Most of this is currently outdated. We had a i18n bof during DebConf8, where we discussed how this can actually work and be accepted by all of Debian, including the archive and dpkg and whatever. The notes from this BoF are available at i18n/TranslationDebsDebconfMeeting
Subsequent to that meeting, there was also a Debian QA / FTPMaster meeting in Extremadura in 2008 at which various elements of the Translation Deb support were agreed and collated into a DEP - Debian Enhancement Proposal.
As such, all future discussion of Translation Debs, TDebs and related issues needs to be done via the DEP:
Please see DEP-4 for the current TDeb status and discussion.

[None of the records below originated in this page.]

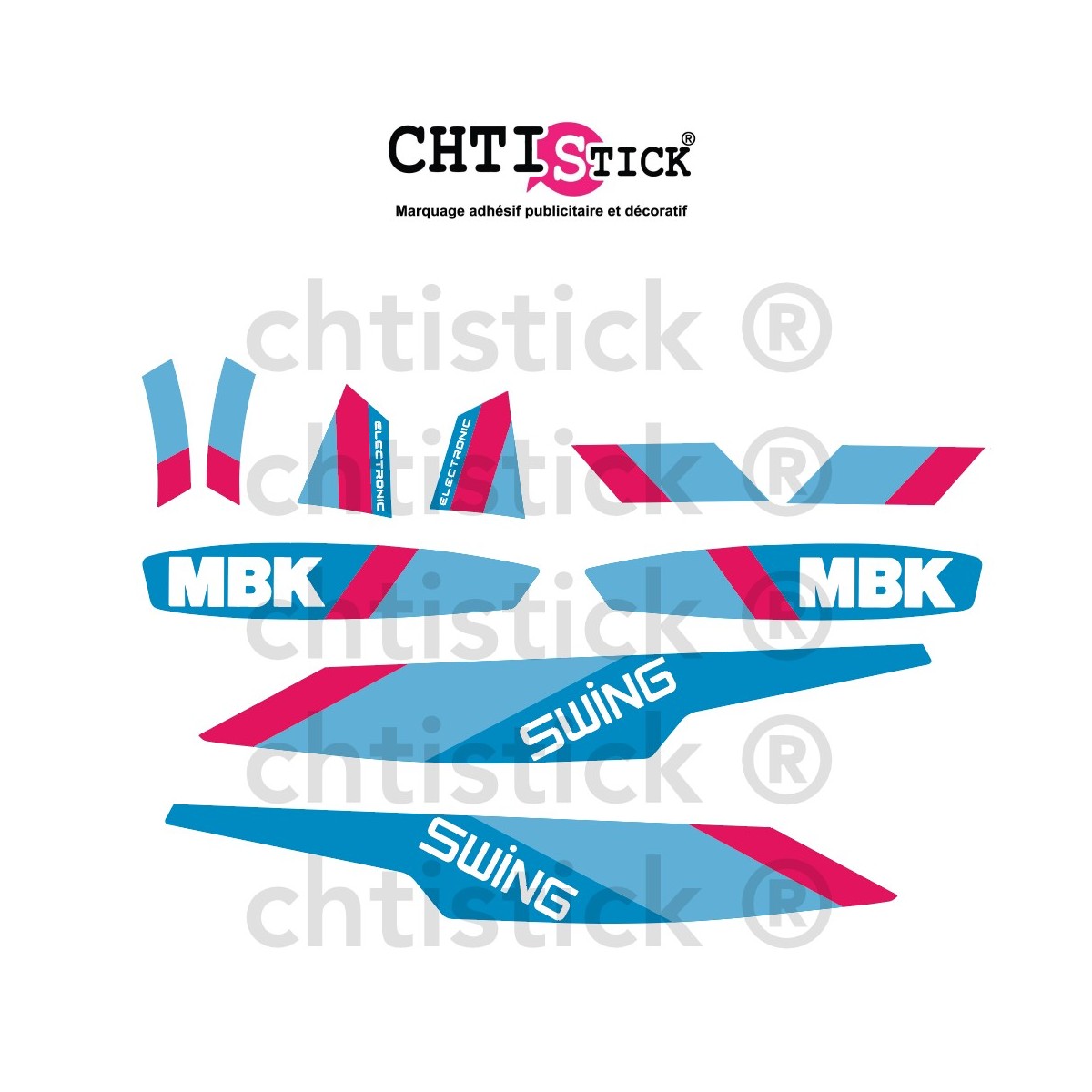 Kit Stickers MBK 51 SWING TURQUOISE BLEU ROSE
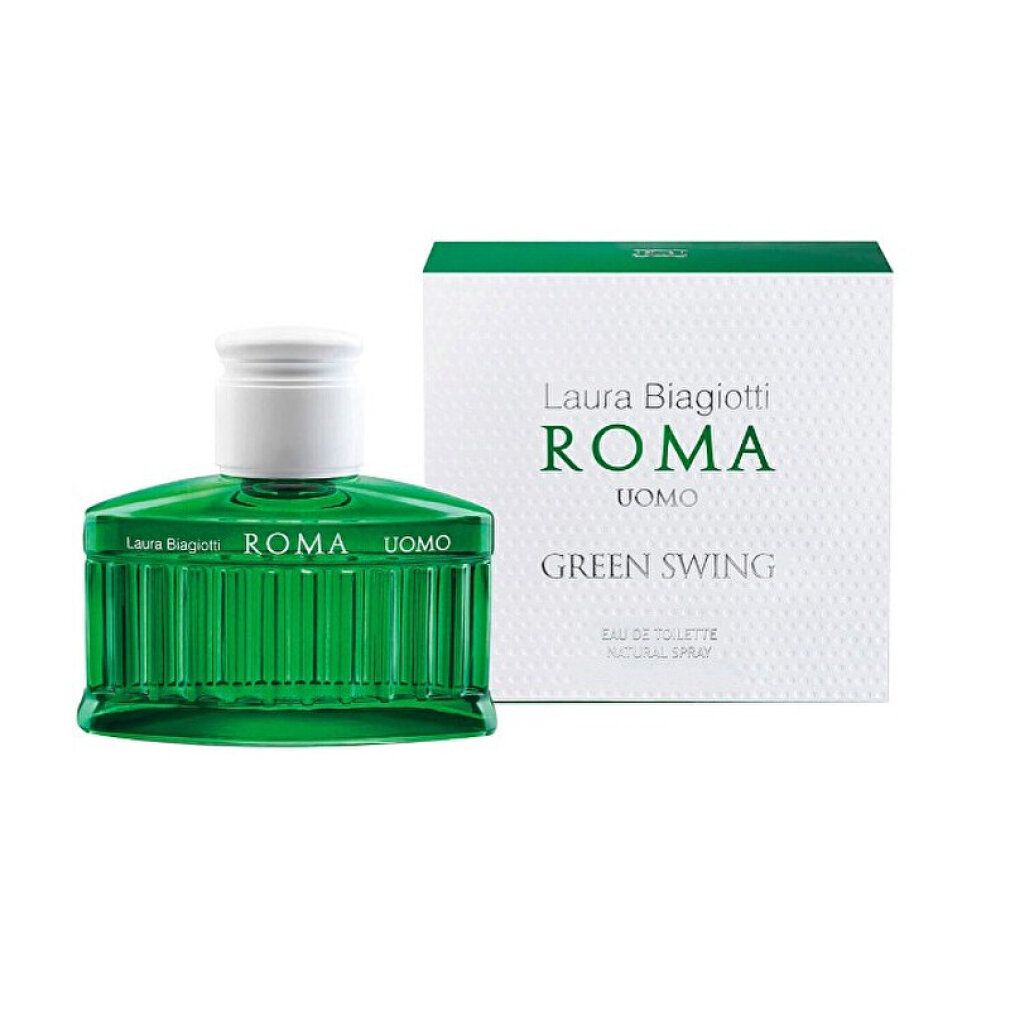 Parfümflakon und Verpackung. Aufschrift: Laura Biagiotti ROMA UOMO Green Swing. Flakon grün.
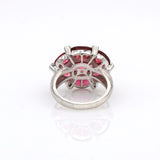 Pink Sapphire Diamond Cocktail Ring in 18k White Gold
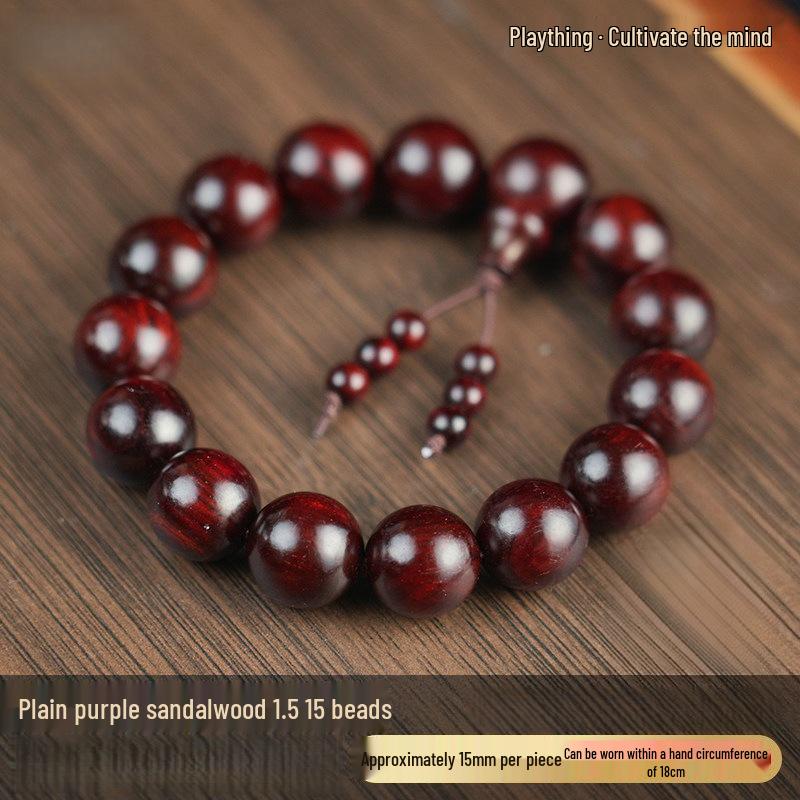 Indian Red Sandalwood 108-Bead Prayer Bracelet for Men & Women – Small-Leaf, Star-Patterned, Handcrafted Spiritual Bead String.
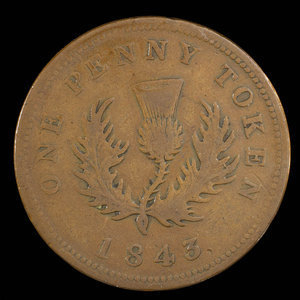 Canada, Province of Nova Scotia, 1 penny : 1843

http://dep.debian.net/deps/dep4/
The following is retained for historical purposes only.
Translation debs or tdebs is a concept aimed to solve i18n/TranslationDataDistribution problem in Debian. It was discussed in I18N meeting of 2006 in Extremadura, Spain and during DebConf7 during the Wacky Ideas BoF. Here is the implementation approach of the concept. Other discussed implementations are available at i18n/TranslationDebsProposals.
Contents
- Please see DEP-4 for the current TDeb status and discussion.
-
Implementation design
- Definition of tdebs
- Dependency handling
- How do tdebs relate to regular debs? How to update translations in stable?

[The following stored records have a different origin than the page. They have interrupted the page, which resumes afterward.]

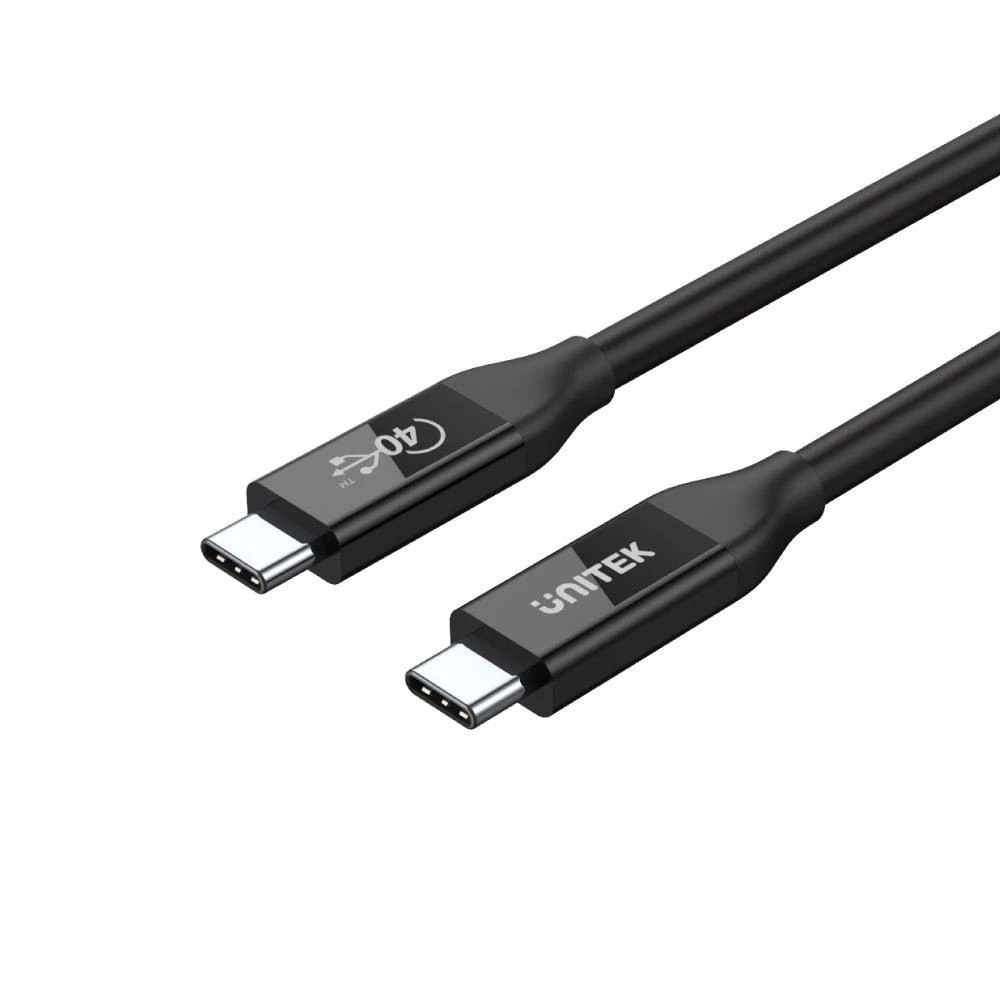 UNITEK C14100BK-0,8M kabelis USB-C 4.0 PD 100W 40Gbps 8K 0,8m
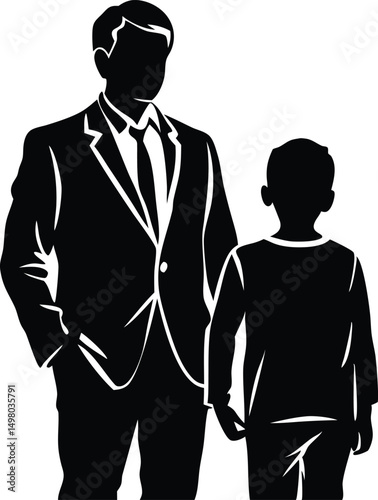 father and son silhouette a classic silhouette of .eps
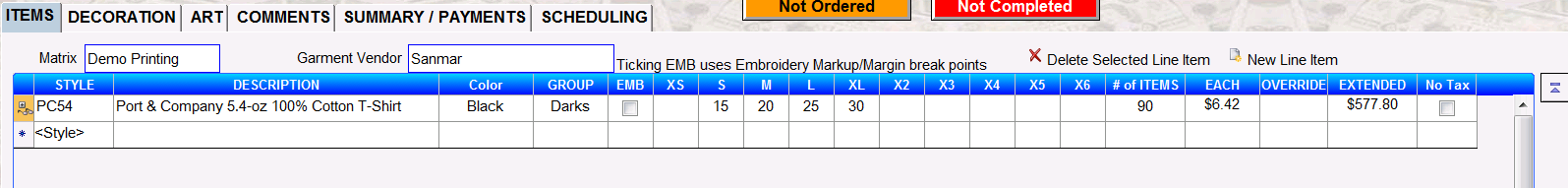2. Enter Items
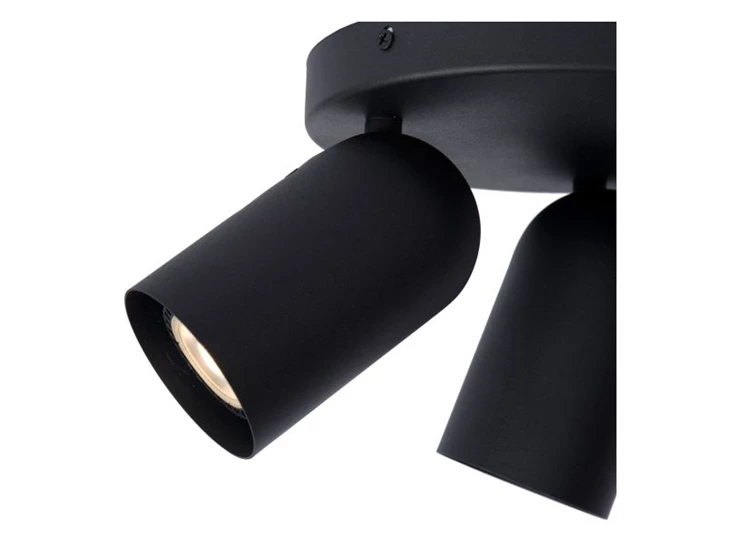 13958-13-30 punch spot 3 lichtpunten GU10 LED zwart metaal lucide detail brandend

- Supplemental tools / Changes to handle tdebs / Clarifications
- Changes needed
-
Problems, Questions and Discussions about this proposal
- Size of the resulting Packages files would be huge
- Why not just add hooks to dpkg to not install locales that are not interesting to the user?

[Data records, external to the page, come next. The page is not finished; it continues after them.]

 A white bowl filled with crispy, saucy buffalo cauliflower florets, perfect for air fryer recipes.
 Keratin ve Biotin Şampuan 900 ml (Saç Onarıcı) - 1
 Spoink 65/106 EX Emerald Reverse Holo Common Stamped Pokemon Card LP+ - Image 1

- Maybe better to use language packs
- Mirrors might drop some languages
- Some translation material might be arch specific, so placing it in an arch all tdeb is wrong
Implementation design
Definition of tdebs
An ancillary package that contains all localization information that corresponds to a {language,package} pair. It is also possible to group multiple translation of a package in one single package. The archive is a regular Debian package (with a different suffix).
This could contain all the types of localization material:
- .mo files /usr/share/locale/${LANG}/LC_MESSAGES/*.mo
- localized man pages
- any other localized material like audio, video and images that correspond to the package in question
Note: the po-debconf localization material is somewhat special since there are certain situations that need to be handled: preinst, postrm scripts need to be localized, so the debconf translation needs to be in place and configured already when the aforementioned scripts are ran. For this reason, their inclusion in the tdebs should be postponed until the problems are solved. (I welcome people to reiterate the problems we discussed about po-debconf or any problems regarding splitted po-debconf translations.)
The filename format would be something like:
$PACK_$VER_all.$LANG.tdeb
So for the Romanian localization material for wormux_0.7.4-3, the tdeb package name would be wormux_0.7.4-3_all.ro.tdeb.
For the cases where mutiple langauges are grouped in one single udeb there is the posibility to use a different langauge identifier in the name. (Posssibly the concatenated language codes or special identifiers like weeu - western europe).
Dependency handling
- tdebs are marked as automatically installed dependency of the main packages, but they themselves really depend on the debs.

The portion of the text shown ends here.